:: Your objective ::
For the entries that follow, retype exactly the lines from the one containing "Poster St. Gallen" to the one containing "A modern sideboard", inclusive, and only those. Images stay out of the copy.

:: Input records ::
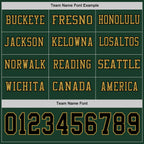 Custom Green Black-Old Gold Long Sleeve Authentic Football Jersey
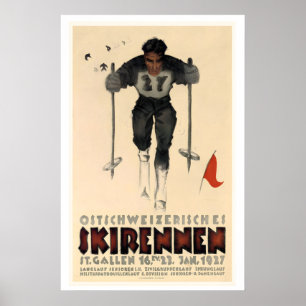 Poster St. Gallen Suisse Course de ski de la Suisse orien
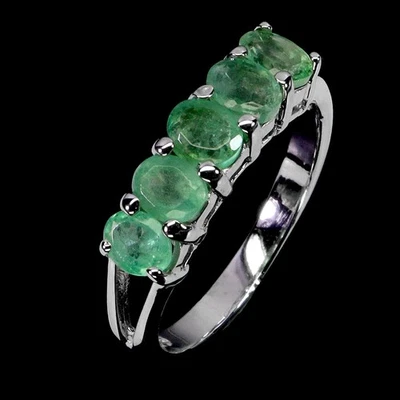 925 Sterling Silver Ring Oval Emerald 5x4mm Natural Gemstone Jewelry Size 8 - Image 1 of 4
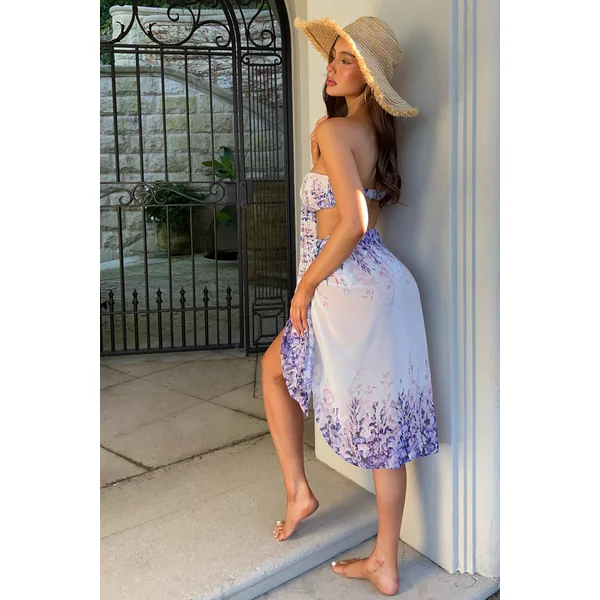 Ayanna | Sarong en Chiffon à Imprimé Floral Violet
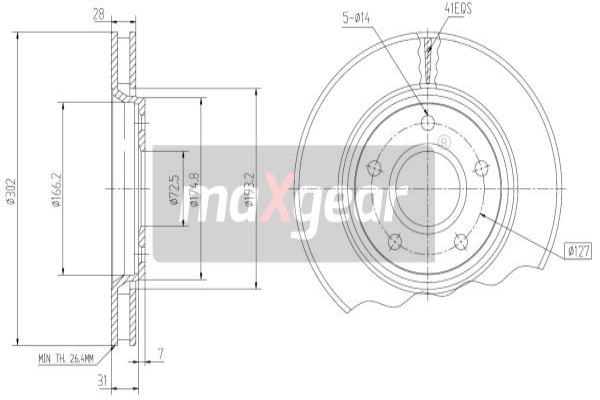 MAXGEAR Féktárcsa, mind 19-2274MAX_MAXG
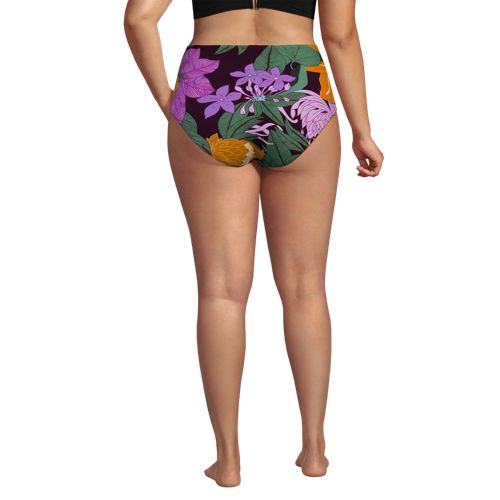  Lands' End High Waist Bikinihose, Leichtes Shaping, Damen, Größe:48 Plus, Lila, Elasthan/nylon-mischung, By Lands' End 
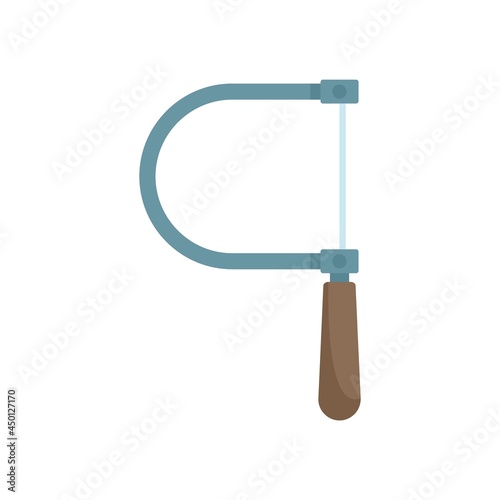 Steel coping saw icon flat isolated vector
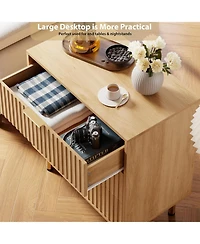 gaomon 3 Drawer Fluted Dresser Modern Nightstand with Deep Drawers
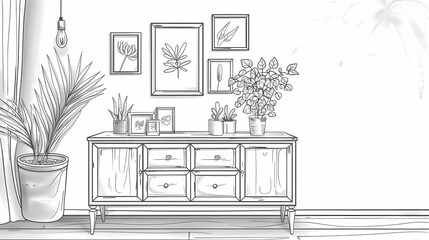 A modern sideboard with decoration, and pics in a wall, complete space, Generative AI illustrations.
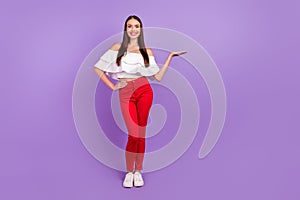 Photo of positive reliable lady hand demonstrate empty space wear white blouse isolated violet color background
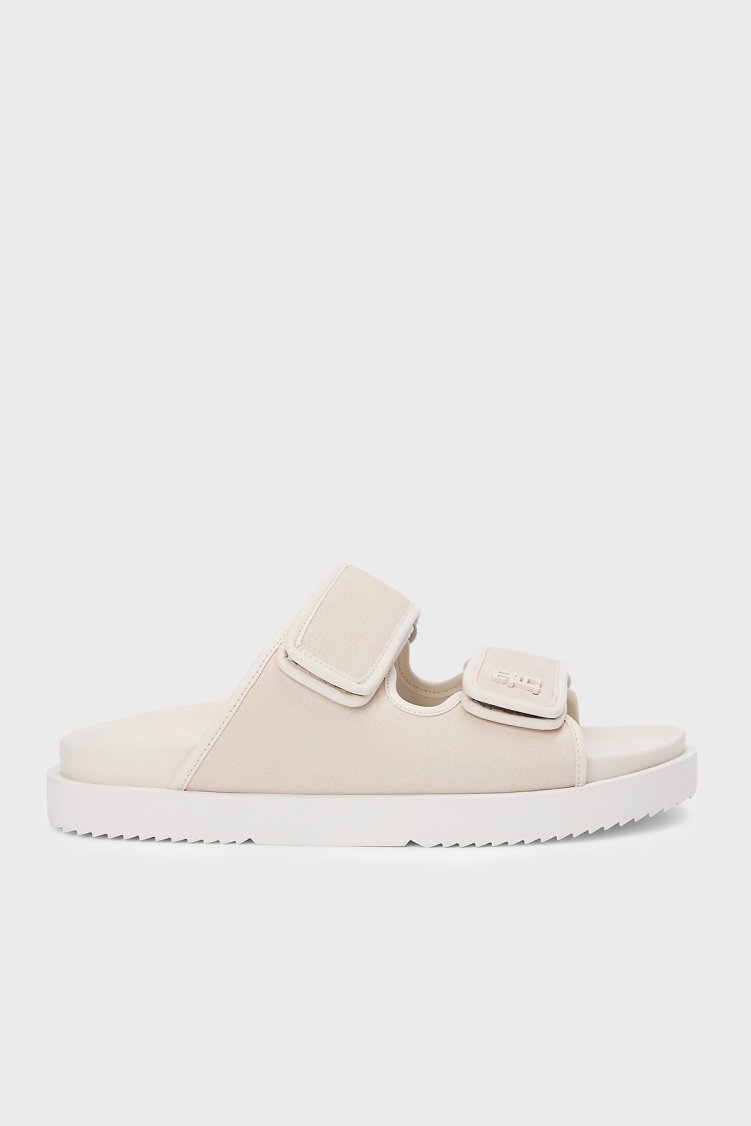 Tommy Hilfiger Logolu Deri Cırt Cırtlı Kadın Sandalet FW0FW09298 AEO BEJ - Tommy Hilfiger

:: Answer to the problem ::
 Poster St. Gallen Suisse Course de ski de la Suisse orien
 925 Sterling Silver Ring Oval Emerald 5x4mm Natural Gemstone Jewelry Size 8 - Image 1 of 4
 Ayanna | Sarong en Chiffon à Imprimé Floral Violet
 MAXGEAR Féktárcsa, mind 19-2274MAX_MAXG
  Lands' End High Waist Bikinihose, Leichtes Shaping, Damen, Größe:48 Plus, Lila, Elasthan/nylon-mischung, By Lands' End 
 Steel coping saw icon flat isolated vector
 gaomon 3 Drawer Fluted Dresser Modern Nightstand with Deep Drawers
 A modern sideboard with decoration, and pics in a wall, complete space, Generative AI illustrations.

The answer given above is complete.